DATA IN THIS EXERCISE

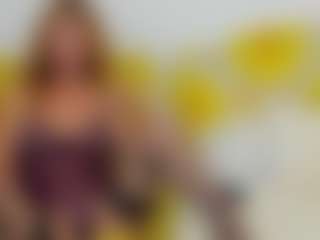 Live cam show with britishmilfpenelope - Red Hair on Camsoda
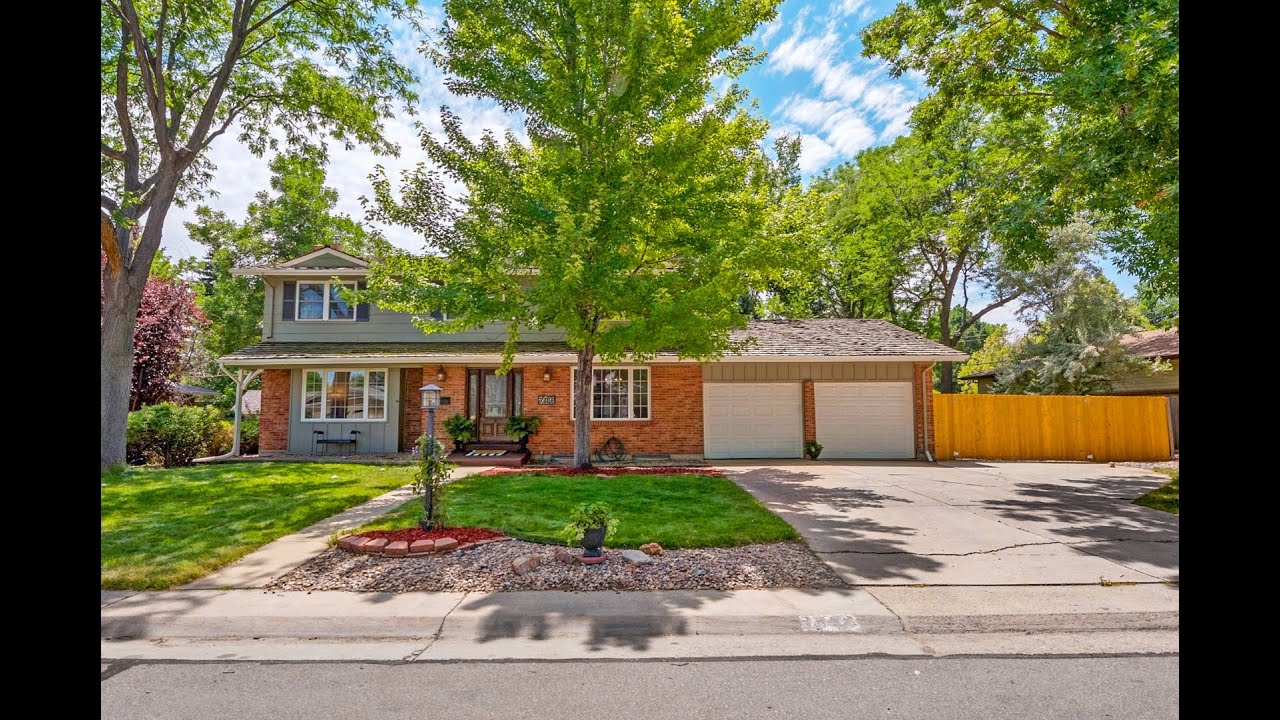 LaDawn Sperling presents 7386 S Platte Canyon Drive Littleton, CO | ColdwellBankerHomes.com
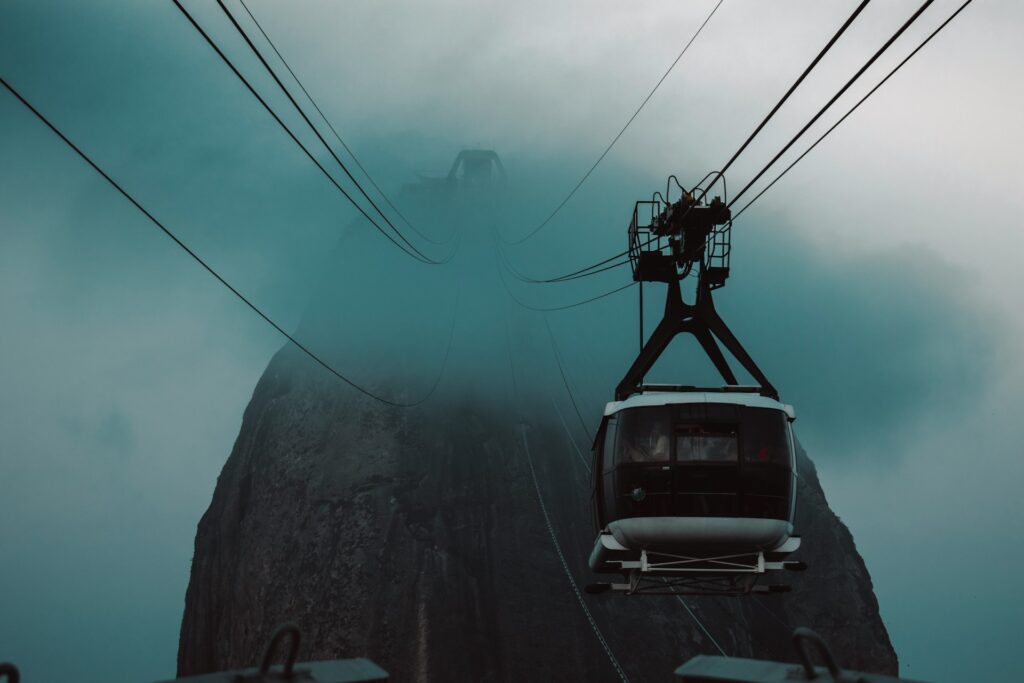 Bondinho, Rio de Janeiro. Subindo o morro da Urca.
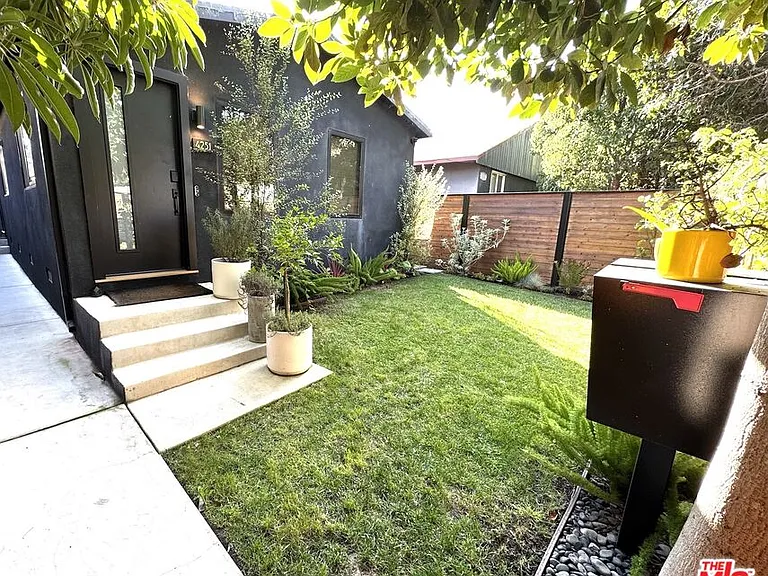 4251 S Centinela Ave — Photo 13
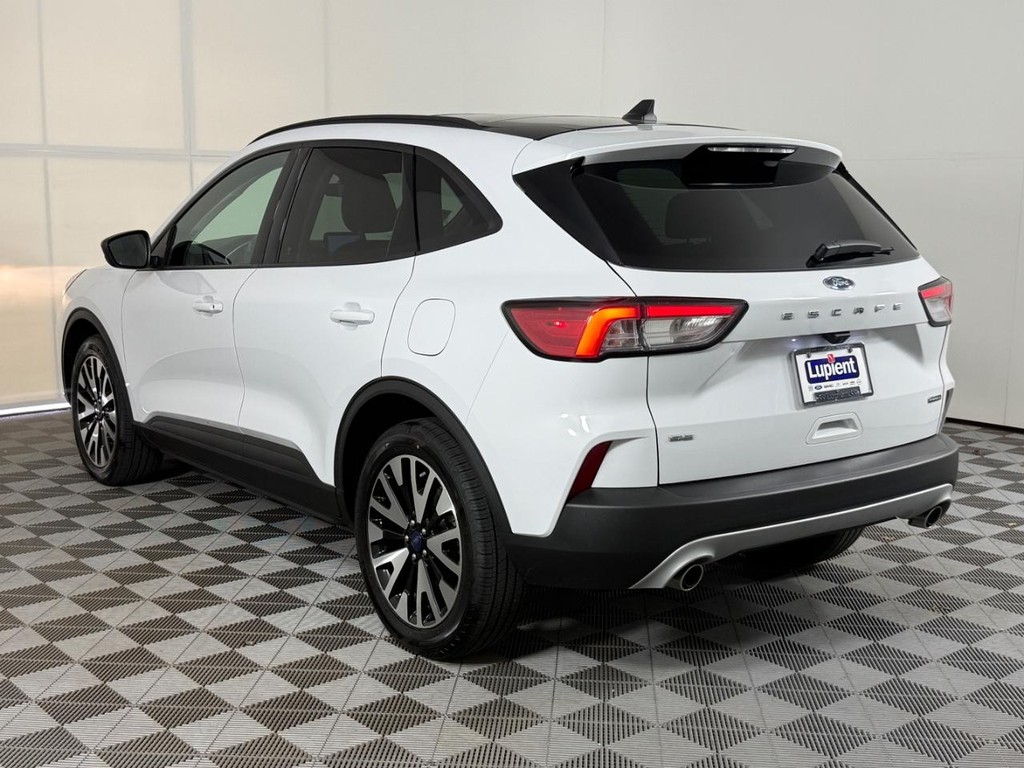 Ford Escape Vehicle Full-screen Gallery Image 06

EXERCISE AIM
Pictures aren't part of the copy; return each record above exactly.

YOUR SOLUTION
 Live cam show with britishmilfpenelope - Red Hair on Camsoda
 LaDawn Sperling presents 7386 S Platte Canyon Drive Littleton, CO | ColdwellBankerHomes.com
 Bondinho, Rio de Janeiro. Subindo o morro da Urca.
 4251 S Centinela Ave — Photo 13
 Ford Escape Vehicle Full-screen Gallery Image 06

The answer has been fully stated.